TASK OBJECTIVE: Among the lines below, a stretch begins at the one with "Usata Citroën C4" and ends at the one with "Garden, View (from". Repeat that stretch exactly, ends included.

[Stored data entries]
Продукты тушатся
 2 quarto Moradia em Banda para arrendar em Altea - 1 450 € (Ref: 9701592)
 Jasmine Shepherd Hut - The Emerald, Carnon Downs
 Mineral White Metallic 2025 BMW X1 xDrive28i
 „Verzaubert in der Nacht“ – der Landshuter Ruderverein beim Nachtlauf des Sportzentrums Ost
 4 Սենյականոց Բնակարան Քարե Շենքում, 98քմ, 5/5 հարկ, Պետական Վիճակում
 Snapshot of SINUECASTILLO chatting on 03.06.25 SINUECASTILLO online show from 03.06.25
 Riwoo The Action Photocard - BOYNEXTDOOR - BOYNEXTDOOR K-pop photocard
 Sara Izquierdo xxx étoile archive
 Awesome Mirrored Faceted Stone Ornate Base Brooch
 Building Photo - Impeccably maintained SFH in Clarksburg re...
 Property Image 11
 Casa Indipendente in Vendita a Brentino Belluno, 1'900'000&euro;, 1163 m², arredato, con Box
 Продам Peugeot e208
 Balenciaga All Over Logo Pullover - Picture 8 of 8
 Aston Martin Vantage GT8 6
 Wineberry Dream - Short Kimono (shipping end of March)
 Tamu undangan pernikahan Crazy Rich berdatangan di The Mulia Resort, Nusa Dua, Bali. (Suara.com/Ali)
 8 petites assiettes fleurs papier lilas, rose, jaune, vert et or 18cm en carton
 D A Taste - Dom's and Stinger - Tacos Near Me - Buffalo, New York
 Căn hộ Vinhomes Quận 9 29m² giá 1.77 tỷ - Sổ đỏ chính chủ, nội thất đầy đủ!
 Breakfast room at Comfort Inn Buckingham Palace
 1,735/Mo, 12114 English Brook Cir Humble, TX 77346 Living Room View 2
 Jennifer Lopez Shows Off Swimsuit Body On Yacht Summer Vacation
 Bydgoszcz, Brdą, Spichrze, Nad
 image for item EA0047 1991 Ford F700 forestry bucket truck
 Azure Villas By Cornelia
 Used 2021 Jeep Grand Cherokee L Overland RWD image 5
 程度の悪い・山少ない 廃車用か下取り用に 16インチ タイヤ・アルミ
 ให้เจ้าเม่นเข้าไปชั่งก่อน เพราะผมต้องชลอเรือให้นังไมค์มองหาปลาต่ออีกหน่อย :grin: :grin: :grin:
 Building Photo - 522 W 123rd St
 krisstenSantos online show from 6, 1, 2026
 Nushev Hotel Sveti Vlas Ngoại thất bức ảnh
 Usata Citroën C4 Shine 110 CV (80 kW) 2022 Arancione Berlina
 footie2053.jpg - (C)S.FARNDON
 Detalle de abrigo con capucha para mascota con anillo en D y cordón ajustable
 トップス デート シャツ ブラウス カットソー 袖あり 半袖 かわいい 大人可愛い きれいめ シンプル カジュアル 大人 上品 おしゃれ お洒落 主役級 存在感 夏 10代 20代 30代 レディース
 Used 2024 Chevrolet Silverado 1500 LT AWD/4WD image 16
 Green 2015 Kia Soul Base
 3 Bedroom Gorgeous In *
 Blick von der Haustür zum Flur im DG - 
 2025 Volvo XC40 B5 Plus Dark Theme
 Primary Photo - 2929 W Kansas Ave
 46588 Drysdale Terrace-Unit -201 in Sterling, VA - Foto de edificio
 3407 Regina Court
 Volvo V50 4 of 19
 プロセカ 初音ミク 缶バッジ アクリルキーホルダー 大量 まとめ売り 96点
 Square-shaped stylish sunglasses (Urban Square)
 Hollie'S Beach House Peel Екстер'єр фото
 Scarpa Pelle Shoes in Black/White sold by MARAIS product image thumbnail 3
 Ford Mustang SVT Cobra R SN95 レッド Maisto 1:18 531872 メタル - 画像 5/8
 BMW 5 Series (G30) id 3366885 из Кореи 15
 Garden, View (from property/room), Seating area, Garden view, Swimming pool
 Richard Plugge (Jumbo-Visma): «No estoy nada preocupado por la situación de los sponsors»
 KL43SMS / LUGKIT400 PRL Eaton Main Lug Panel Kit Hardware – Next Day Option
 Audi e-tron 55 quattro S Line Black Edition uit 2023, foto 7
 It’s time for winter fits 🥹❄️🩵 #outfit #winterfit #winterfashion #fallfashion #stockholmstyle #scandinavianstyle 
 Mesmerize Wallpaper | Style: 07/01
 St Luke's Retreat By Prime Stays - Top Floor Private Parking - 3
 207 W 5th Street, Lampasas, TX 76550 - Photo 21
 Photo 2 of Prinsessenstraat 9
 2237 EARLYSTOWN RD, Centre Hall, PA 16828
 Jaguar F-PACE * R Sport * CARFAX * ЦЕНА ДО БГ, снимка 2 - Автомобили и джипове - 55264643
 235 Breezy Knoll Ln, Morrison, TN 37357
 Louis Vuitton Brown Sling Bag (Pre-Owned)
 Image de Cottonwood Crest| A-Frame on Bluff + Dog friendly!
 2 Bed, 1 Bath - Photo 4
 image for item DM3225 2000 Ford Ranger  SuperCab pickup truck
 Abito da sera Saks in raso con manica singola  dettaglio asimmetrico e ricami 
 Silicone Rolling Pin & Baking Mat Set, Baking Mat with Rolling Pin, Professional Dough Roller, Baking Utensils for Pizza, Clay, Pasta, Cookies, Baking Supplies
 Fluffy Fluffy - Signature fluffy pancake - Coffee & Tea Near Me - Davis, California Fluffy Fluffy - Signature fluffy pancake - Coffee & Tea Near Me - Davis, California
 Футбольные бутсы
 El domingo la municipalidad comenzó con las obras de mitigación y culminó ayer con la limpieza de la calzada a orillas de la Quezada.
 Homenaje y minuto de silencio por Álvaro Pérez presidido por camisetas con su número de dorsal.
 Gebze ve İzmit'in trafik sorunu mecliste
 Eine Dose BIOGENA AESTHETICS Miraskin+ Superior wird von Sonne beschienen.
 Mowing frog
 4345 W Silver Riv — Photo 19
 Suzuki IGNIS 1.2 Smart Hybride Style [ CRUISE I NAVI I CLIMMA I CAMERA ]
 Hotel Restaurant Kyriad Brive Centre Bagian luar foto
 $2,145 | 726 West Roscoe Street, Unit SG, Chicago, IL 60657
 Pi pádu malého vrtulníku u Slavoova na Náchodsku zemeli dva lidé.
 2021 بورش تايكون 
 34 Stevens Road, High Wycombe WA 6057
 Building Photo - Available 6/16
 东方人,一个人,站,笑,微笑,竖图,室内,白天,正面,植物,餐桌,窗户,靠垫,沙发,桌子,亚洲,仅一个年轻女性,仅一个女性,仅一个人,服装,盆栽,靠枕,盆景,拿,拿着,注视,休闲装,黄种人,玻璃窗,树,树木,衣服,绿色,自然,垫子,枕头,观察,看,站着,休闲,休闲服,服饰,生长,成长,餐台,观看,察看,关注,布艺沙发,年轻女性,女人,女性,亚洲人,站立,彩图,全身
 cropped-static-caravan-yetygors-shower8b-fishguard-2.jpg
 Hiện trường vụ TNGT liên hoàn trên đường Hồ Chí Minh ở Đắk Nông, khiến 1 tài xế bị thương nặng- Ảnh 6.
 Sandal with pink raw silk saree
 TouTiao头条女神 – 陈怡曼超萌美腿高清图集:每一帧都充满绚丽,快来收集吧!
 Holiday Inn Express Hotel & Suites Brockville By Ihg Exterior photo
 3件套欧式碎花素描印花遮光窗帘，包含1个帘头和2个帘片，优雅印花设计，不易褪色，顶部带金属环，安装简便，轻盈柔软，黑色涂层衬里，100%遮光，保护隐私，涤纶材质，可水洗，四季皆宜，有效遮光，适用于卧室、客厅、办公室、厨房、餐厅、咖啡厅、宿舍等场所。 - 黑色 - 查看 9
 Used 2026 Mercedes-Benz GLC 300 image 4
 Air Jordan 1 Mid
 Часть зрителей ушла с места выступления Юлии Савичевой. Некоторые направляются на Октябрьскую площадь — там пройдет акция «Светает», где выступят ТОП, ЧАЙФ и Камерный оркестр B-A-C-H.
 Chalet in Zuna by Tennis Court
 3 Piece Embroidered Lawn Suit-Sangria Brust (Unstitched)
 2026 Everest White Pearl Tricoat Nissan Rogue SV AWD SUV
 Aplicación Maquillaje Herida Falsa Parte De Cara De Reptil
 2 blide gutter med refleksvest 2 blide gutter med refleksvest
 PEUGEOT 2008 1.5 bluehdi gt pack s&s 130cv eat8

TASK OUTPUT:
 Usata Citroën C4 Shine 110 CV (80 kW) 2022 Arancione Berlina
 footie2053.jpg - (C)S.FARNDON
 Detalle de abrigo con capucha para mascota con anillo en D y cordón ajustable
 トップス デート シャツ ブラウス カットソー 袖あり 半袖 かわいい 大人可愛い きれいめ シンプル カジュアル 大人 上品 おしゃれ お洒落 主役級 存在感 夏 10代 20代 30代 レディース
 Used 2024 Chevrolet Silverado 1500 LT AWD/4WD image 16
 Green 2015 Kia Soul Base
 3 Bedroom Gorgeous In *
 Blick von der Haustür zum Flur im DG - 
 2025 Volvo XC40 B5 Plus Dark Theme
 Primary Photo - 2929 W Kansas Ave
 46588 Drysdale Terrace-Unit -201 in Sterling, VA - Foto de edificio
 3407 Regina Court
 Volvo V50 4 of 19
 プロセカ 初音ミク 缶バッジ アクリルキーホルダー 大量 まとめ売り 96点
 Square-shaped stylish sunglasses (Urban Square)
 Hollie'S Beach House Peel Екстер'єр фото
 Scarpa Pelle Shoes in Black/White sold by MARAIS product image thumbnail 3
 Ford Mustang SVT Cobra R SN95 レッド Maisto 1:18 531872 メタル - 画像 5/8
 BMW 5 Series (G30) id 3366885 из Кореи 15
 Garden, View (from property/room), Seating area, Garden view, Swimming pool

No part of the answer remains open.